Trusts enable one person to provide for someone else without giving the second individual control over the assets within the trust. What is a special needs trust, then? Special needs trusts benefit an individual with special medical or care needs. Critically, through a special needs trust, you can provide financial support to a person with disabilities without disqualifying them from essential government benefits such as Medicaid and Supplemental Security Income (SSI). 

At Tavss Fletcher, our team understands the importance of careful planning when creating trusts, especially special needs trusts. For over 30 years, our experienced attorneys have helped families and individuals in Virginia and North Carolina. Whether you are considering a special needs trust or have questions about eligibility and funding, our team is here to help.

Understanding Special Needs Trusts

A special needs trust (SNT), or supplemental needs trust, is a legal arrangement that:

  • Creates a trust to benefit someone with special needs;
  • Includes terms limiting the beneficiary’s (the person with special needs) ability to control assets within; and
  • Relies on a trustee to control and direct trust activity, follow trust terms, and provide for the beneficiary without giving them enough control over assets to jeopardize their public benefits.

The assets in the trust do not count against the beneficiary’s eligibility for public benefits, and the trust can cover expenses that those programs do not.

Types of Special Needs Trusts

Special needs trusts include:

  • First-party SNTs: Funded using the beneficiary’s assets;
  • Third-party SNTs: Funded using someone else’s assets; and
  • Pooled trusts: Managed by a nonprofit organization.

Each type serves the same core purpose: to provide support without jeopardizing access to government benefits.

Limitations on Public Benefits

Public benefits programs provide financial assistance for people who struggle to provide for themselves. In the U.S., most public benefits programs limit eligibility based on financial need. SNTs often involve disabled individuals, who may qualify for:

  • Supplemental Security Income (SSI),
  • Social Security Disability Insurance (SSDI),
  • Medicaid Home and Community-Based Services (HCBS) waivers,
  • State disability assistance programs, or
  • Vocational rehabilitation programs.

SSI, for example, limits a recipient’s monthly income to $967 and their total countable assets to $2,000. These limits apply regardless of a person’s actual needs or expenses. 

“Countable” Assets 

When determining eligibility for disability benefits, government agencies evaluate an applicant’s countable assets, which the government identifies as resources they can access or use for support. Examples of non-countable assets may include:

  • The applicant’s primary home,
  • One vehicle used for transportation,
  • Household goods and personal belongings,
  • Certain types of burial arrangements, and
  • Assets within a special needs trust.

Examples of countable assets include:

  • Money in checking or savings accounts;
  • Stocks, bonds, or investment accounts;
  • Property other than the primary residence;
  • Cash value of life insurance policies over a certain amount; and
  • Vehicles beyond the first.

Countable assets count toward the asset limit, while non-countable assets do not. 

Why Use a Trust

The government can cut someone off from the support they rely on for a simple mistake, like having more than $2000 in a personal bank account. As harsh as it sounds, government agencies can, and do, cut off access to benefits if a recipient exceeds program limits even once. 

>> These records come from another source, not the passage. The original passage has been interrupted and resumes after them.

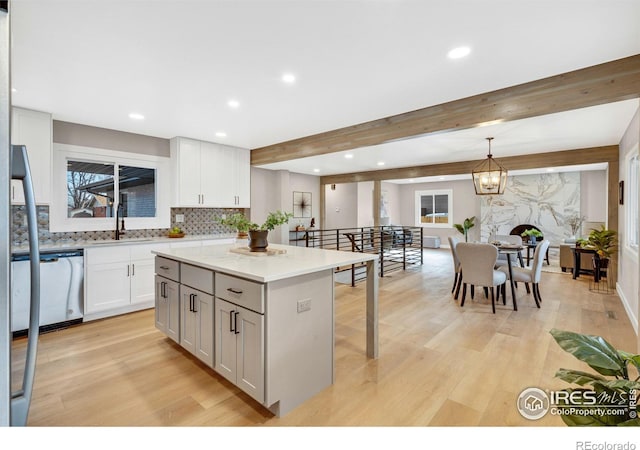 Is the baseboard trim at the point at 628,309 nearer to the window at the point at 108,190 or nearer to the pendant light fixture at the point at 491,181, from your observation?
the pendant light fixture at the point at 491,181

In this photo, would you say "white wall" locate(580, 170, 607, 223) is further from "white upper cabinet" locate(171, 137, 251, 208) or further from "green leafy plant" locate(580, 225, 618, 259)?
"white upper cabinet" locate(171, 137, 251, 208)

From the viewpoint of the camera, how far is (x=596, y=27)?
2.02 meters

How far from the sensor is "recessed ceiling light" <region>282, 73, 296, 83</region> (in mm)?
2719

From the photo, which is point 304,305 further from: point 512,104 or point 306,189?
point 306,189

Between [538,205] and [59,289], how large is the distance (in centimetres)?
1077

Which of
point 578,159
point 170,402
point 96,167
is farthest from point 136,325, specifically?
point 578,159

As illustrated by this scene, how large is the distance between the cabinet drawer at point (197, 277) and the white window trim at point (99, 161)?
2.40 m

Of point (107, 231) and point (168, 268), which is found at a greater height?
point (107, 231)

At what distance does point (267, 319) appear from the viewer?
1857 mm

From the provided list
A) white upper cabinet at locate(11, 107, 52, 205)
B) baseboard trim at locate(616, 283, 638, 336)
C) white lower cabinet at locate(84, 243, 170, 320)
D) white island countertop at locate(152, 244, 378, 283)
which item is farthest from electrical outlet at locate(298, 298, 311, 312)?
baseboard trim at locate(616, 283, 638, 336)

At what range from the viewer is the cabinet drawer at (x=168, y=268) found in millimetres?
2719

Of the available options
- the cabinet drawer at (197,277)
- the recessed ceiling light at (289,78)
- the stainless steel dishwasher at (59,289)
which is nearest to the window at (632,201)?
the recessed ceiling light at (289,78)

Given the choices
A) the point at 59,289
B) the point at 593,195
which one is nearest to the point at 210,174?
the point at 59,289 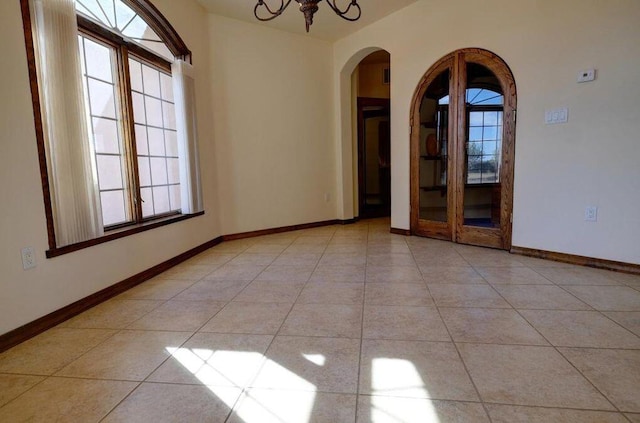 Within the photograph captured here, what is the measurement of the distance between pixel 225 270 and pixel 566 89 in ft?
11.9

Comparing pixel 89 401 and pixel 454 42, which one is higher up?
pixel 454 42

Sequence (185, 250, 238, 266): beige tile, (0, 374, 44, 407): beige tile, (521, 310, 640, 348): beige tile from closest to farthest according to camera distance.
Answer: (0, 374, 44, 407): beige tile, (521, 310, 640, 348): beige tile, (185, 250, 238, 266): beige tile

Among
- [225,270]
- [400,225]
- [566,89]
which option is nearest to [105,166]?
[225,270]

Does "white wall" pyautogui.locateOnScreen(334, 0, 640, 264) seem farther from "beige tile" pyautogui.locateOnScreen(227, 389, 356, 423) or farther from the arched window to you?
the arched window

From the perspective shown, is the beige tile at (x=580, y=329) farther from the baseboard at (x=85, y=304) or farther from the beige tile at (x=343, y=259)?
the baseboard at (x=85, y=304)

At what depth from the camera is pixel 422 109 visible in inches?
175

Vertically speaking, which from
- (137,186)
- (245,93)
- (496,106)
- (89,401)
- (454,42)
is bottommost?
(89,401)

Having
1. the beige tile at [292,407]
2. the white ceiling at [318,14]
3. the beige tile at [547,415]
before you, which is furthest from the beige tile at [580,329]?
the white ceiling at [318,14]

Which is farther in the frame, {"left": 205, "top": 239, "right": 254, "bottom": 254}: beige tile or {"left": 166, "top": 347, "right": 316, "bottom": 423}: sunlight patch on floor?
{"left": 205, "top": 239, "right": 254, "bottom": 254}: beige tile

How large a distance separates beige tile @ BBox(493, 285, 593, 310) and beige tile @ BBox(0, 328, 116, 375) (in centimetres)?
268

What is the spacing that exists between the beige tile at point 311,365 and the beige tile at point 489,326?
634 millimetres

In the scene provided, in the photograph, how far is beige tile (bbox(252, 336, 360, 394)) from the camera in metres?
1.56

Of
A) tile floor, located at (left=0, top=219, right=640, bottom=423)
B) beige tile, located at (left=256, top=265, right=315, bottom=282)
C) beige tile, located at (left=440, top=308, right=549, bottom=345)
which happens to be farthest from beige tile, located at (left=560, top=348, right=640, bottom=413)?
beige tile, located at (left=256, top=265, right=315, bottom=282)

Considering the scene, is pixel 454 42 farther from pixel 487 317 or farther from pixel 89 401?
pixel 89 401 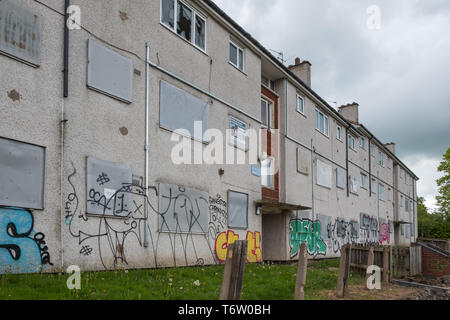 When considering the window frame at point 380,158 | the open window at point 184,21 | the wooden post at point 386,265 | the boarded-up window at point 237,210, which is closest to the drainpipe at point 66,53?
the open window at point 184,21

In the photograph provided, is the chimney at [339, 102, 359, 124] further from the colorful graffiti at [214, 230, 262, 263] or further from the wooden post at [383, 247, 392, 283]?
the wooden post at [383, 247, 392, 283]

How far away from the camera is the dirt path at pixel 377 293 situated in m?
9.95

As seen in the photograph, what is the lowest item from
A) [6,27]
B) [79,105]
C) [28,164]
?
[28,164]

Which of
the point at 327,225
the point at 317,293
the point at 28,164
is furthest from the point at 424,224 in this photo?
the point at 28,164

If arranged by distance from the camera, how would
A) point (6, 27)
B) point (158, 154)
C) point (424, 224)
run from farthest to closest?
point (424, 224) → point (158, 154) → point (6, 27)

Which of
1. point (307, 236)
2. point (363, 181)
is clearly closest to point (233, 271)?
point (307, 236)

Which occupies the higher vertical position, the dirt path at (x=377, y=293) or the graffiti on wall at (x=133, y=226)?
the graffiti on wall at (x=133, y=226)

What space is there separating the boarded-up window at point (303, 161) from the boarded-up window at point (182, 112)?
8.25 metres

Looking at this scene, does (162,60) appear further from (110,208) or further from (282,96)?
(282,96)

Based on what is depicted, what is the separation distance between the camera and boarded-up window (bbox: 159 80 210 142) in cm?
1295

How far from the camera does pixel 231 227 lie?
50.9ft

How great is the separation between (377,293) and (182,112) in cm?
753

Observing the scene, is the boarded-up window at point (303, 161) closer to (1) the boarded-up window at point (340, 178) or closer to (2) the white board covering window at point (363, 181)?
(1) the boarded-up window at point (340, 178)

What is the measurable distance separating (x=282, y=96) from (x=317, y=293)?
12.8m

Having benefits reinstated can be time-consuming and difficult, often requiring detailed documentation, appeals, and long waiting periods. During that time, the individual may lose access to critical health care, housing, or food assistance, placing their well-being at serious risk. 

How Does a Special Needs Trust Work?

To establish an SNT, you:

  • Draft a trust instrument, which establishes trust terms like when the trustee should provide funds to the beneficiary and for what purposes;
  • Select a trustee to manage the trust’s assets and make payments to the beneficiary; and
  • Direct the trustee to use funds from the trust to pay for approved expenses.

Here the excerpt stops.